Conclusion
p. 299-304
Texte intégral
1La séquence politique et historique analysée ici se termine à la date où j’ai démarré mes recherches en intégrant le Centre LGBT de Paris. Dans une optique généalogique, j’ai donc tenté de mettre au jour les étapes cruciales qui ont conduit à l’émergence de la configuration militante que j’ai pu observer sur le terrain. Mais, au sens foucaldien du terme, une généalogie n’est ni recherche des origines ni quête du sens ultime et téléologique de l’histoire (Foucault, 1971). Ce serait plutôt une analyse des moments qui ont marqué historiquement, socialement et politiquement la production et la composition d’une forme particulière de militantisme et donc la formulation de répertoires d’actions (Tilly, 1984 ; Offerlé, 2008) et de partitions militantes spécifiquement LGBT.

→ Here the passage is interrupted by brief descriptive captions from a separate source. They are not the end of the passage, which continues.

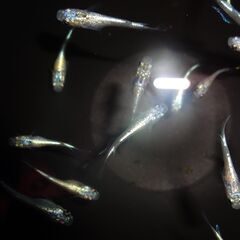 めだか（ヒミツヘイキ若魚）15匹の画像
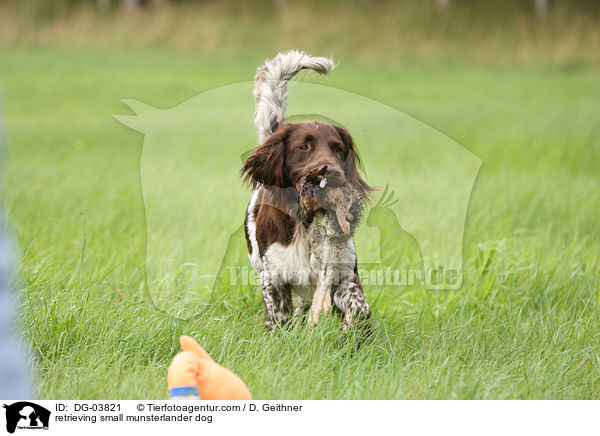 retrieving small munsterlander dog / DG-03821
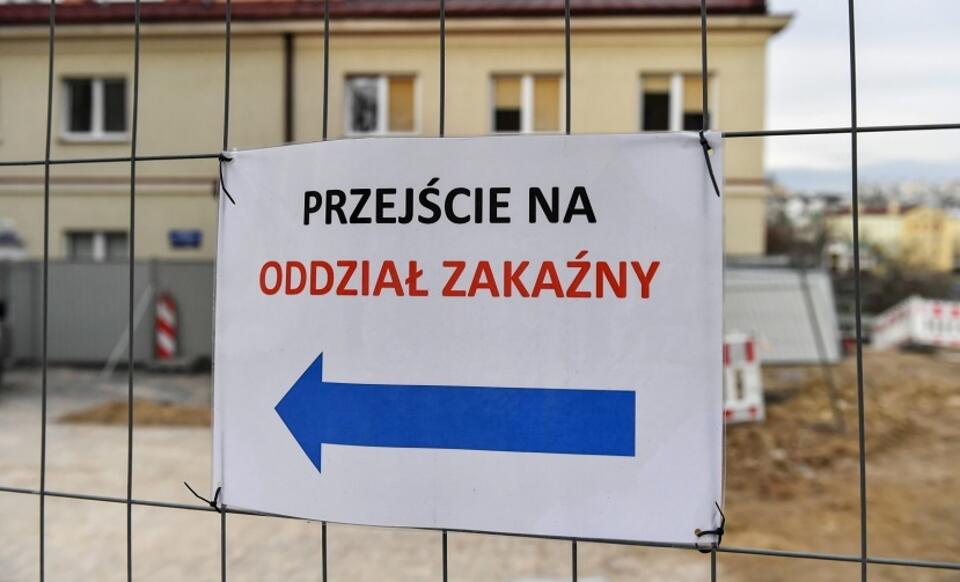 autor: PAP/Wojtek Jargiło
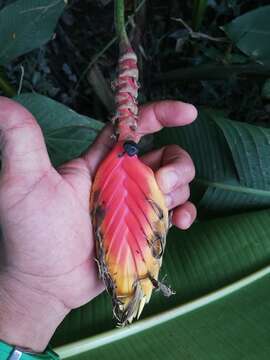 Image of Heliconia episcopalis Vell.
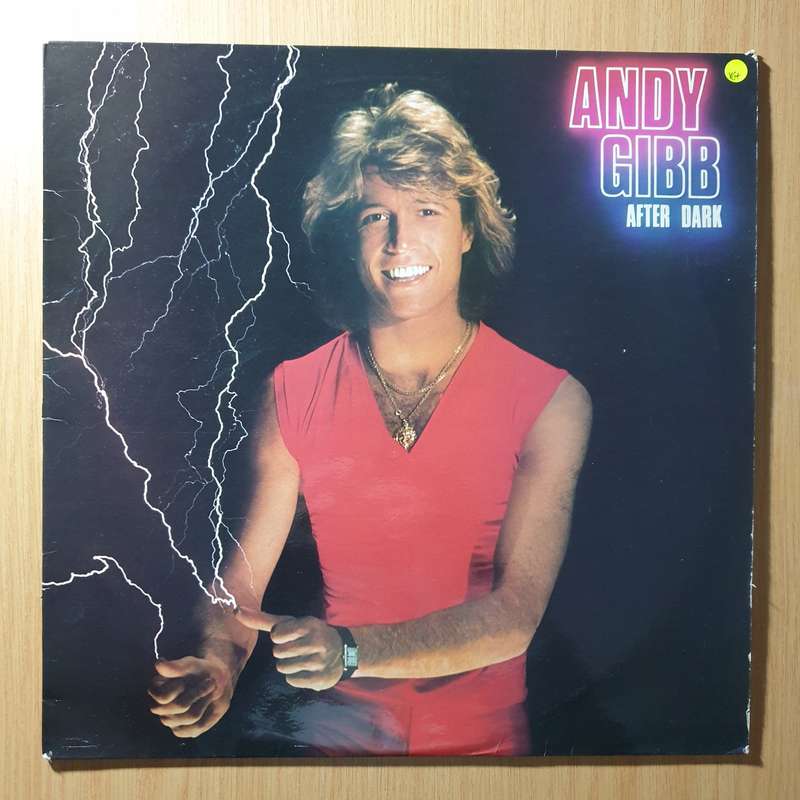 Andy Gibb - After Dark  Vinyl LP Record - Very-Good+ Quality (VG+) (verygoodplus)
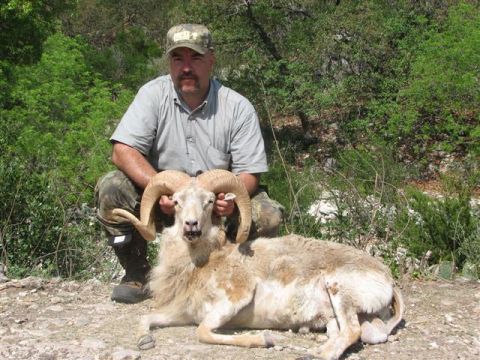 1986 Ford Bronco - Hunter poses with a ram he has captured in a natural outdoor setting.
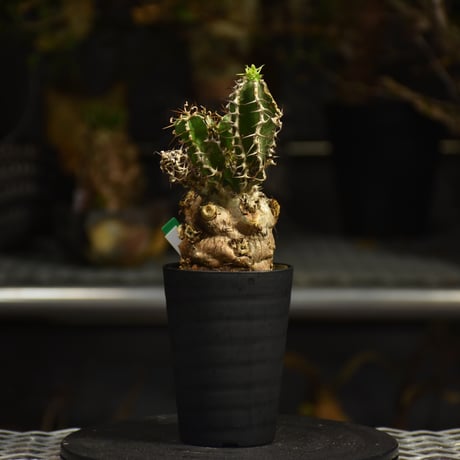 Euphorbia mlanjeana　ユーフォルビア ムランジーナ 発根済現地株 I43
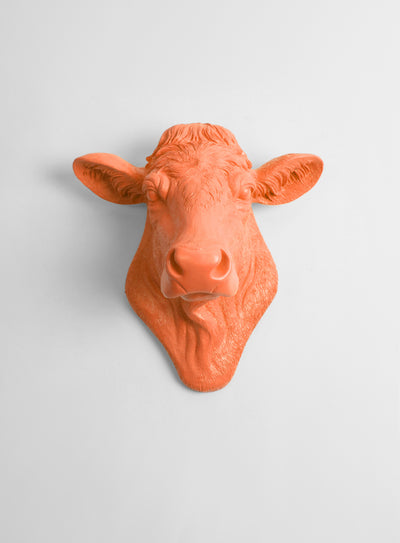 Back in Stock! The Bessie in Tangerine, Cow Head Wall Decor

2En effet, la production de discours qui participent à la politisation et à l’autonomisation du militantisme LGBT ne procède pas linéairement par une sorte d’irrésistible attraction vers l’égalité, tout comme la satisfaction des revendications portées par les associations n’est pas un débouché inévitable garanti par le modèle démocratique français et européen. Au contraire, j’ai montré comment les mouvements, les identités et les communautés sont produits et travaillés stratégiquement en réseau sur la base d’un savoir militant informé à la fois par une politique de la sexualité et par le projet d’une sexualité politique. Ce ne sont donc pas des structures naturellement instituées de cette histoire, mais bien plutôt des issues en tous points conçues et élaborées par l’action collective LGBT.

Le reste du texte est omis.